Regulatory Policy and Framework

Some of the key legislative, policy and other measures initiated by the various stakeholders for promoting RES are:

The Electricity Act provides for State Commissions to fix a minimum percentage for purchase of energy from renewable energy sources.

The policy recognizes that renewable energy sources should be offered preferential tariffs till they can evolve and compete with other conventional sources.

Generation and distribution in notified rural areas have been de-licensed.

Fiscal benefits and financial support has been extended to interested investors.

A number of fiscal benefits in form of duty exemptions, income-tax holidays, accelerated depreciation norms, etc have been extended.

Recently announced National Solar Mission as an initiative towards National Action Plan on Climate Change for promotion & development of solar power in the country announces ambitious plans of capacity addition to the tune of 1000 MW by 2010-2013, 20,000 MW by 2022 and mandates solar power purchase obligation of 3% by 2022.

In addition, NTPC Vidyut Vyapar Nigam Limited will be the Nodal purchaser of Energy, which will ease the power sales.

Central Electricity Regulatory Commission (CERC) has recently announced a levellized feed-in tariff for solar power projects.

Solar Photovoltaic power:

Solar Photovoltaic Cell (SPV) converts solar energy to DC electricity through photoelectric effect. Photons from Sunlight hitting the Solar Panel are absorbed by semi conducting materials i.e. Silicon in the Cell. Negatively charged electrons are knocked loose from their atoms, allowing them to flow through the material to produce electricity. A grid-connected inverter converts this DC power generated by the PV module into suitable AC power for evacuation at desired grid voltage.

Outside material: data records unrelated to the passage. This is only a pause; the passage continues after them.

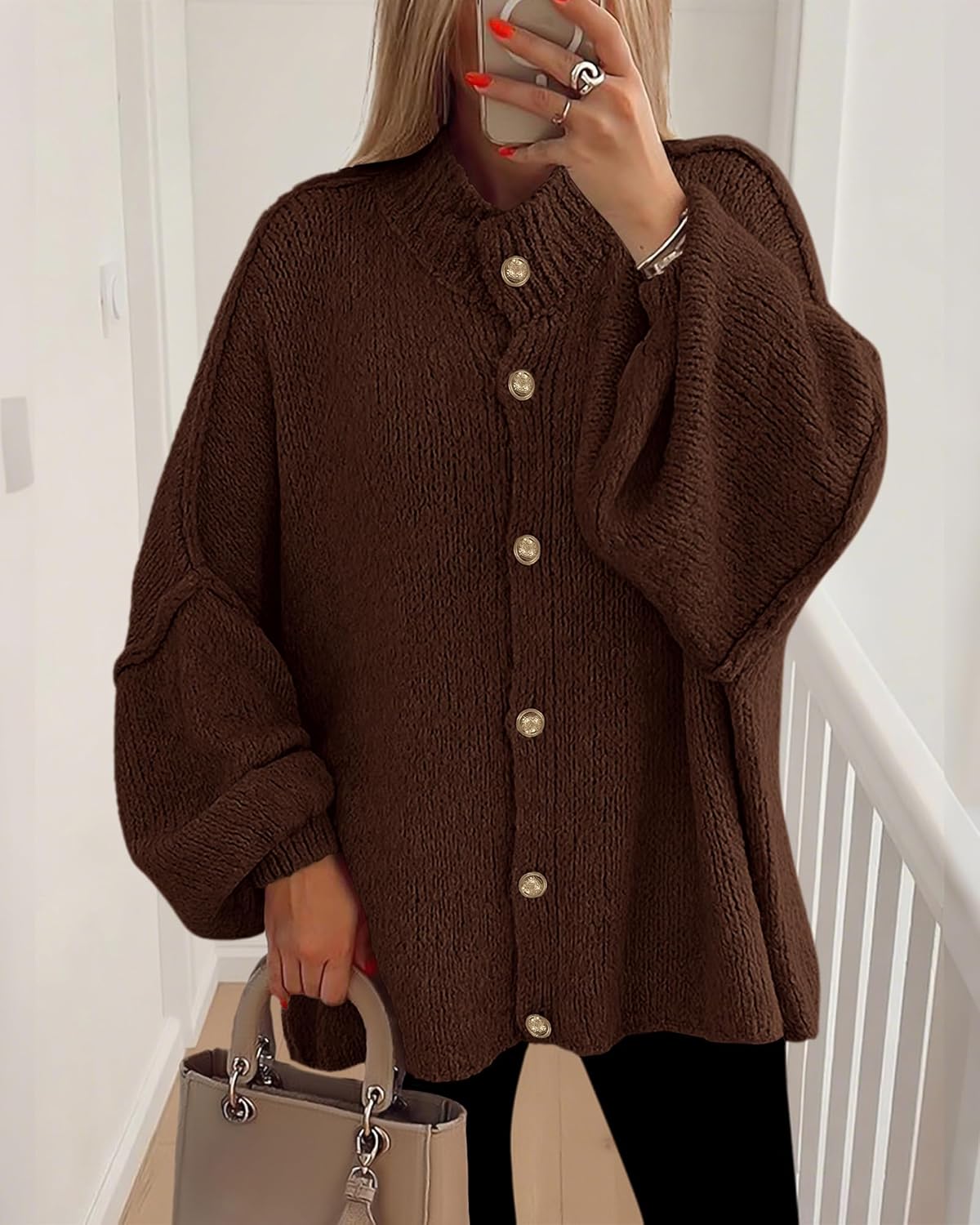 BTFBM Cardigan Sweaters for Women 2026 Fall Clothes Lantern Long Sleeve Button Open Front Chunky Knit Oversized Sweater - Image 2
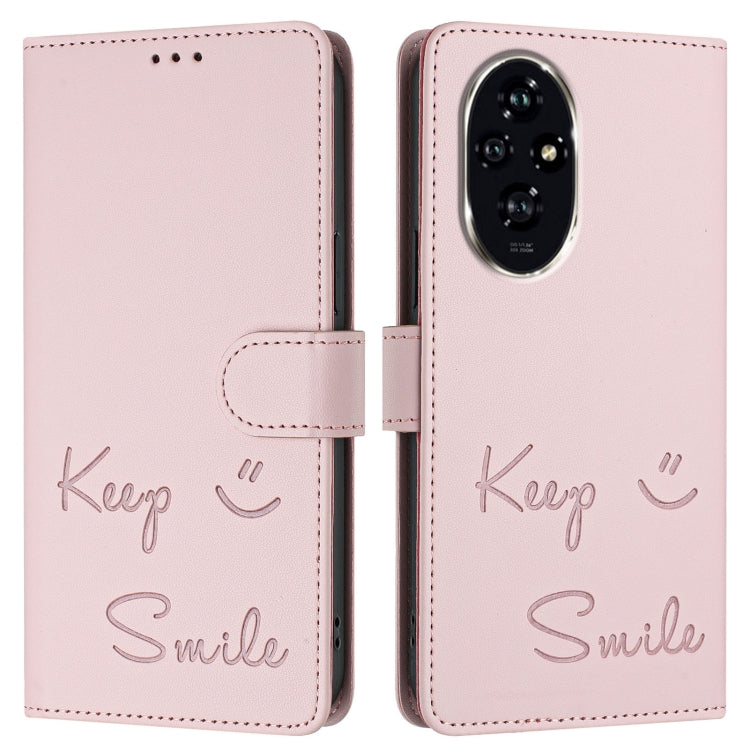 For Honor 200 Smile Embossing RFID Leather Phone Case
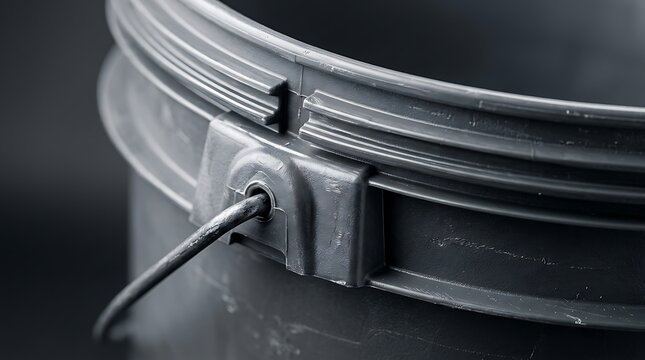 A close-up view of the rim and handle attachment point of a gray 5 galon plastic bucket, showcasing industrial design and utility for home storage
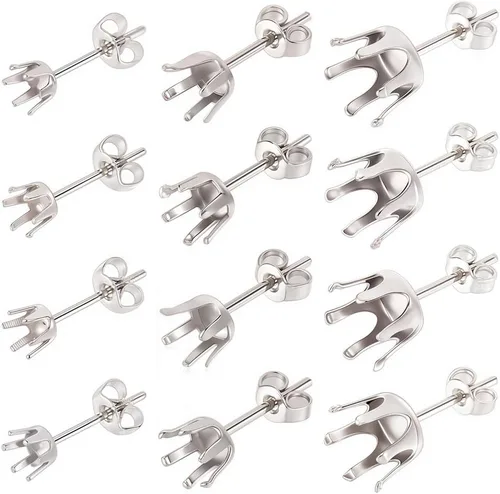 Miniatura 12 de SUNNYCLUE 1 caja, 80 unidades, 20 pares de aretes redondos planos de acero inoxidable con bucle, aretes plateados y dorados, hallazgos en blanco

Though there are different SPV technologies available for energy conversion viz. mono-crystalline, polycrystalline, thin film (a-Si, CdTe, CIGS), RLCPPL for this particular project has decided to adopt a-Si technology which is more proven and apt for this particular project location.

Policy drivers & Market:

The recently announced National Solar Mission as a part of National Action Plan for Climate Change opens up the scope for commercialization of Solar Energy as a source of power as it envisages;

1. Capacity addition of 1000 MW by 2013 & 20,000 MW by 2022

2. State Solar purchase obligation - 0.25% with immediate effect and 3% by 2022

3. Preferential feed-in tariff to be announced by CERC

4. Designated Nodal Agency to purchase power NTPC Vidyut Vyapar Nigam Ltd (NVVNL)

5. Energy Purchase Agreement (EPA) for 25 years to match the life of project Apart from National Solar Mission, other erstwhile policies & acts enacted by the Government of India viz. Electricity Act 2003, National Electricity Policy 2005, National Tariff Policy 2006, Integrated Energy Policy by Planning Commission & Rural Electrification policy highlighted the promotion & need of renewable energy as whole in the Country, resulting in SERCs intercession with preferential feed-in tariff, generation based incentive, mandatory renewable purchase obligation, open access, evacuation arrangement by distribution utility
etc., which ensures that the solar sector is here to remain for a long run.

As it is envisaged an immediate capacity addition of 1000 MW in 2010-2013 period and also NTPC (NVVNL) is designated to purchase power and sell it to concerned state utility with a solar purchase obligation, there is an immediate market to cater. As the above policies and National solar mission mandates Distribution utilities to obligate 0.25% of their total energy with solar energy the demand is set to rise in a country with a total energy demand of about 20,000 MW, which assures a long term market / demand for solar power.